Großes Festspielhaus, 21 avril
Pour sa dernière année avant le retour, en 2026, du Philharmonique de Berlin, le Festival de Pâques de Salzbourg termine son alternance d’orchestres avec une phalange assurément respectable mais pas pour autant la plus prestigieuse : le Symphonique de la Radio Finlandaise, qui a pour vertu d’attirer dans la fosse du Grand Festspielhaus un chef dont les apparitions lyriques restent rares mais précieuses (Esa-Pekka Salonen) et qui se montre avec lui d’une souplesse et d’une ductilité exemplaires.
Ensemble, ils avaient déjà rôdé en concert à l’été 2024 à Helsinki et Stockholm cette Khovanchtchina donnée, comme de coutume, dans l’orchestration de Chostakovitch et avec le finale de Stravinsky : la partition est toutefois complétée ici d’un fragment rétabli par le musicologue Gerard McBurney, mais aussi, comme dans l’art du kintsugi japonais où l’on souligne d’un filet d’or les réparations, de quelques paysages sonores électroniques (qualifiés de « sound design ») signés Tuomas Norvio, un spécialiste de l’exercice. Les puristes y verront sans doute un manque d’orthodoxie, mais ces passages représentent une façon douce de rappeler le chaos ambiant du livret.

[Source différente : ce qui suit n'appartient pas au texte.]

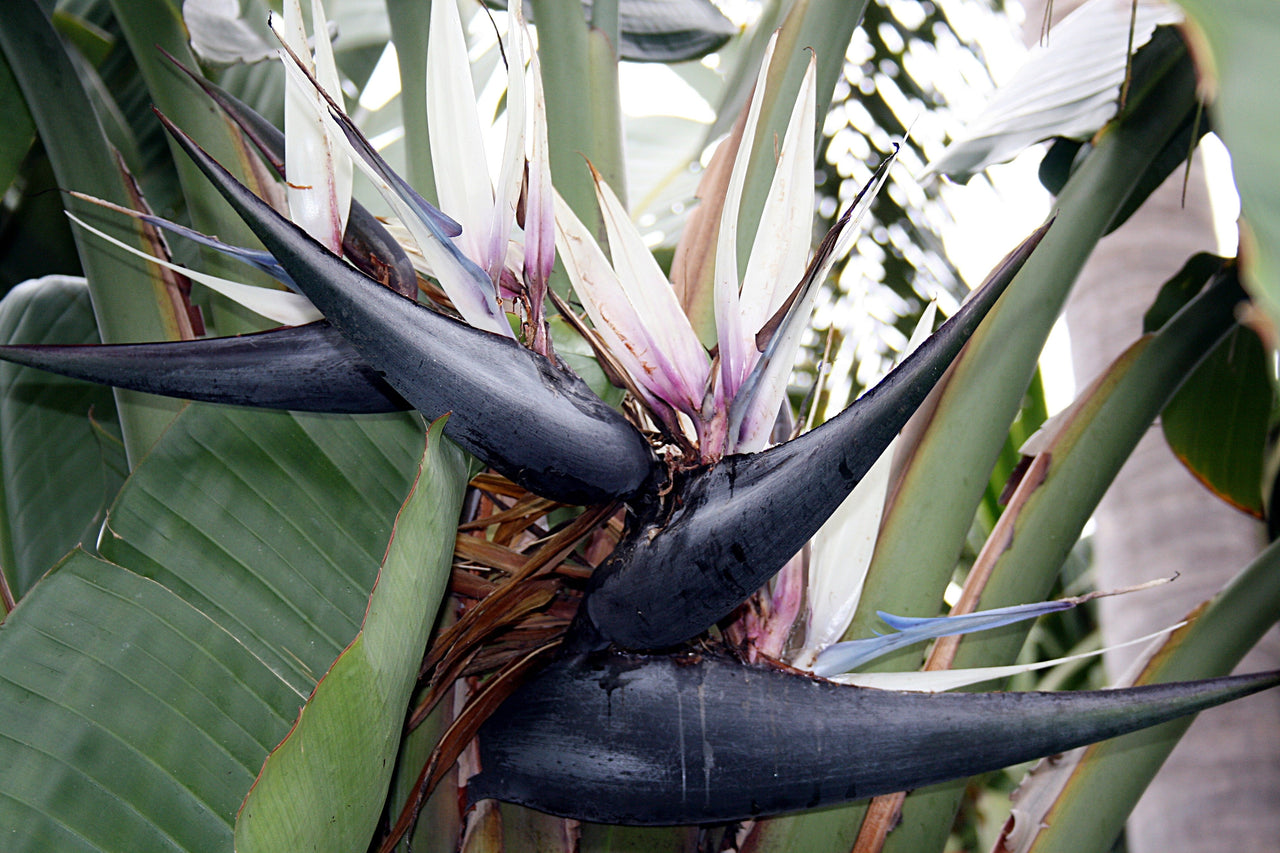 5 GIANT BIRD OF PARADISE Tree Strelitzia Nicolai Wild Banana White Crane Blue Purple Flower Houseplant Seeds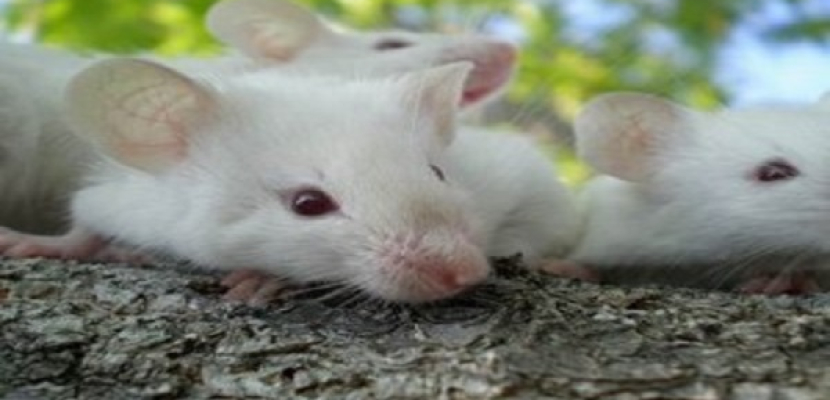 تجارب على الفئران تثبت تحقيق حلم أكسير الشباب عن طريق نقل الدم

La direction de Salonen se révèle une merveille de façonnage et de sensualité, son sens narratif semble inné et les quelques « arrangements » annoncés se traduisent notamment par un discret enrichissement de la pâte sonore avec des claviers (piano et célesta) et des percussions qu’on n’y entend pas toujours (glockenspiel notamment).
À la faveur de cette étape salzbourgeoise, l’équipe a été rejointe par Simon McBurney, frère de Gerard, pour une éblouissante réalisation scénique proposée en coproduction avec le Met. Comme dans la récente production de Calixto Bieito, donnée d’ailleurs avec la même décoratrice Rebecca Ringst (voir O .M. n° 212 p. 60 de mai), il y a ici actualisation de l’action. Mais là où la lecture genevoise du Catalan était juxtaposition et confusion, tout apparaît logique et cohérent dans la mise en scène du Britannique.
Chaque élément de décor, chaque costume, chaque action sont porteurs de sens et concourent à une véritable continuité, avec un souci constant de lisibilité. Innervé d’une remarquable direction d’acteurs, le spectacle met en évidence chaque confrontation, chaque ensemble, et les interactions des solistes et des chœurs sont autant de moments forts, le tout nourri d’un sens dramatique qui n’empêche pas de vrais moments de beauté visuelle – le lever de soleil sur la Moskova, splendide même sur un champ de bataille encore jonché de cadavres. McBurney préserve même, mais sans kitsch, ce qu’il faut de dimension folklorique russe, et sa chorégraphie des Danses persanes est à la fois plastiquement belle et théâtralement pertinente.
On est ébloui par la Marfa de Nadezhda Karyazina, à la fois juvénile d’allure et vocalement très mûre ; capable d’être tour à tour charnelle et inaccessible, la mezzo-soprano russe respecte en outre la dimension fantastique du personnage sans jamais tomber dans le grand-guignolesque. La famille Khovanski est très fidèlement servie avec l’Ivan puissant de Vitaly Kovalyov et l’Andreï exalté de Thomas Atkins. Remarquables également, le Golitsyne très clair de Matthew White, le Chaklovity tranchant de Daniel Okulitch et le Scribe idéal du toujours impeccable Wolfgang Ablinger-Sperrhacke. Ain Anger se révèle un Dossifeï plus subtil et manipulateur que terrifiant, une composition globalement convaincante même si l’on peut préférer les résonnances caverneuses qu’offrent certaines autres incarnations du rôle.